Llamé a Aquino y también lo despedí. Al recorrer la barraca no vi
más que rayas en todas partes: tablas rayadas, planchuelas rayadas,
barricas rayadas. Hasta una mancha de alquitrán en el suelo, rayada…
No
había duda; estaban completamente locos, una terrible obsesión de
rayas que con esa precipitación productiva quién sabe a dónde los
iba a llevar.
Efectivamente,
dos días después vino a verme el dueño de la Fonda Italiana donde
aquellos comían.

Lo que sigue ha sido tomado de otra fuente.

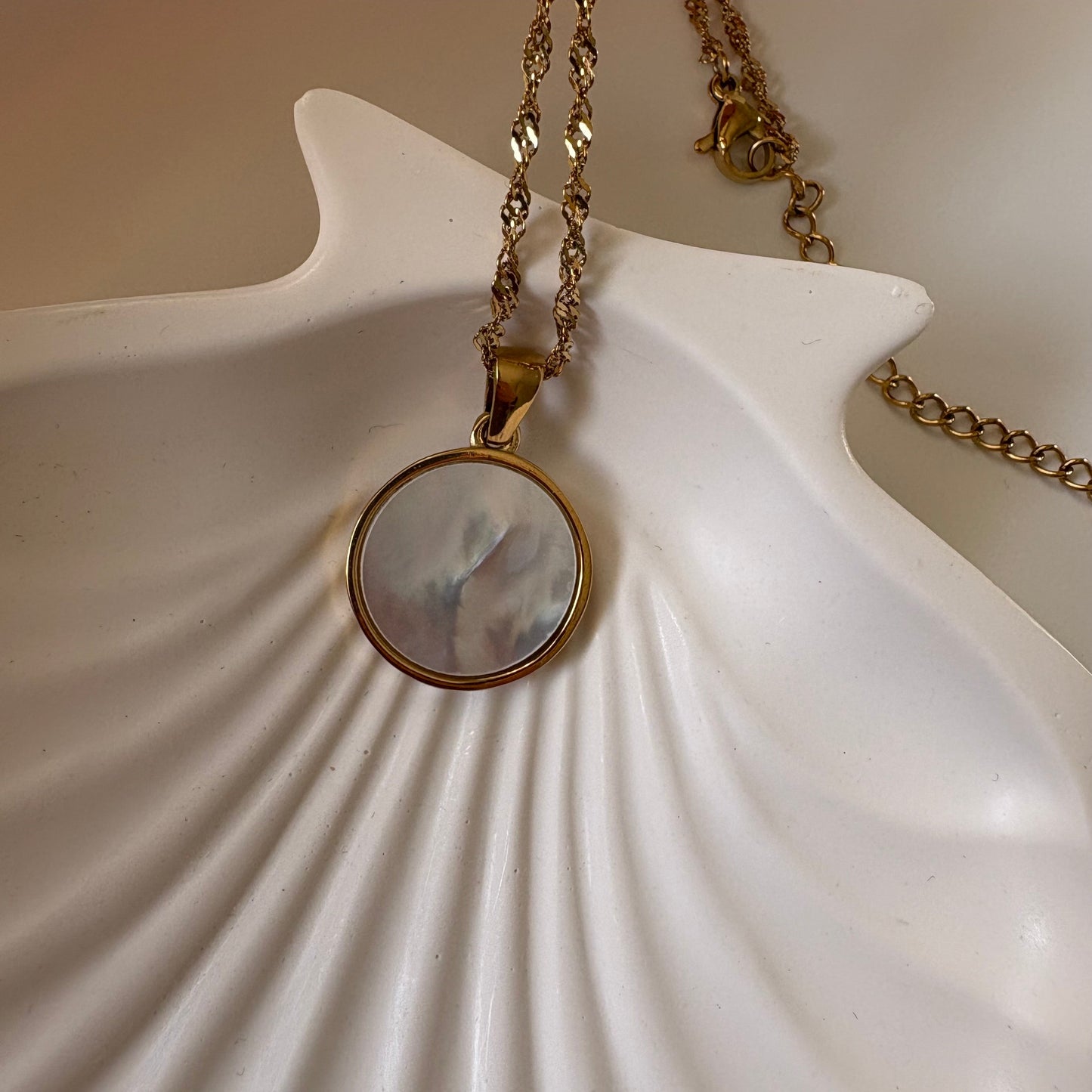 Dije parte de atras collar cosmos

Muy preocupado, me preguntó si no sabía qué se
habían hecho Figueroa y Aquino; ya no iban a su casa.
-Estarán
en casa de ellos -le dije.
-La
puerta está cerrada y no responden -me contestó mirándome.
-¡Se
habrán ido! -argüí sin embargo.
-No
-replicó en voz baja-. Anoche, durante la tormenta, se han oído
gritos que salían de adentro.
Esta
vez me cosquilleó la espalda y nos miramos un momento.
Salimos
apresuradamente y llevamos la denuncia. En el trayecto al caserón la
fila se engrosó, y al llegar a aquél, chapaleando en el agua,
éramos más de quince. Ya empezaba a oscurecer. Como nadie
respondía, echamos la puerta abajo y entramos. Recorrimos la casa en
vano; no había nadie. Pero el piso, las puertas, las paredes, los
muebles, el techo mismo, todo estaba rayado: una irradiación
delirante de rayas en todo sentido.
Ya
no era posible más; habían llegado a un terrible frenesí de rayar,
rayar a toda costa, como si las más intimas células de sus vidas
estuvieran sacudidas por esa obsesión de rayar. Aun en el patio
mojado las rayas se cruzaban vertiginosamente, apretándose de tal
modo al fin, que parecía ya haber hecho explosión la locura.
Terminaban
en el albañal. Y doblándonos, vimos en el agua fangosa dos rayas
negras que se revolvían pesadamente.